05 Jul 2022 4 minute read
Police escort vehicles across the Prince of Wales Bridge. Picture by Rod Minchin / PA Wire. Priti Patel picture by Richard Townshend (CC BY 3.0).

The Home Secretary Priti Patel has called on police to use severe new anti-protest powers which include imprisonment after lorry drivers caused huge backlogs on the crossing between Wales and England yesterday.

The new measures to tackle non-violent demonstrations that have a significant disruptive impact on the public came into effect on June 28 as part of changes to the law.

Some 12 people were arrested on Monday as dozens of campaigners calling for a cut in fuel duty targeted the M4 second Severn crossing between Wales and England.

Dozens of police vans and hundreds of officers from both Gwent Police and Avon and Somerset Police were at the Prince of Wales Bridge, which runs between England and Wales, at 8.30am when four people were arrested and 10.45am when another eight people were arrested.

A Home Office source told the Daily Mail: “Through our Police, Crime, Sentencing and Courts Act, we have given the police a wealth of powers to deal with disruptive and damaging protests, including imprisonment and unlimited fines for those blocking a highway – actions which inflict further pain on those affected by rising prices.

“The Home Secretary would encourage and support the police to make use of all the powers available to them. Forces need to move people on. These protests are blocking people from getting to work and from carrying out other vital journeys – this is not about whether you believe in the cause or not.”

The stance was supported by Downing Street, with a senior Government source telling The Times: “The Government has given the police a lot of powers to deal with this sort of stuff and we are looking to them to use it.
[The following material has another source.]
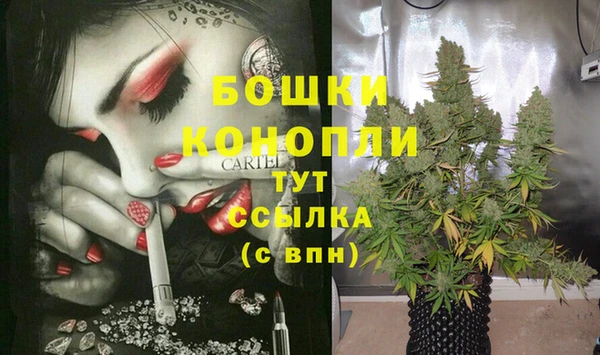 Альфа ПВП Снежинск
We want to know what they are going to do about it.”

‘Heard’

The protests, which started at around 7am, are understood to have been organised via social media under the banner Fuel Price Stand Against Tax.

Among those arrested was former HGV driver from Cwmbran Vicky Stamper.
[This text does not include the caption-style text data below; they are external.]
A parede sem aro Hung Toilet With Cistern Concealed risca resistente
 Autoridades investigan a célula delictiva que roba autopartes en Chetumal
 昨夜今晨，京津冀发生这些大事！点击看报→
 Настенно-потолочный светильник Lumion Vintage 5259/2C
The 41-year-old told the PA news agency she and her partner Darren had to give up jobs in Bristol because they could no longer afford the fuel.
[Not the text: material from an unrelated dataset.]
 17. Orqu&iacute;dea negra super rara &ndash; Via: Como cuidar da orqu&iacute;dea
She said: “We had to leave those jobs because it was costing us £380 a week just to get to and from work.

“I then lost a job two weeks ago because the company couldn’t afford to put fuel in that many lorries so last in, first out.”

Mobile welder Richard Dite, 44, from Maesteg, South Wales, was also arrested.

He said before the protest that it was costing him hundreds of pounds in fuel to get to work every week due to price hikes.

“My only option soon will be to put the welding gear in the shed and call it a day, maybe go on the dole,” he said.

“Face it, at this rate I’ll be on more that way.”

Sharon Downs, 46, from Pontypridd was also taken in after taking her HGV on the protest.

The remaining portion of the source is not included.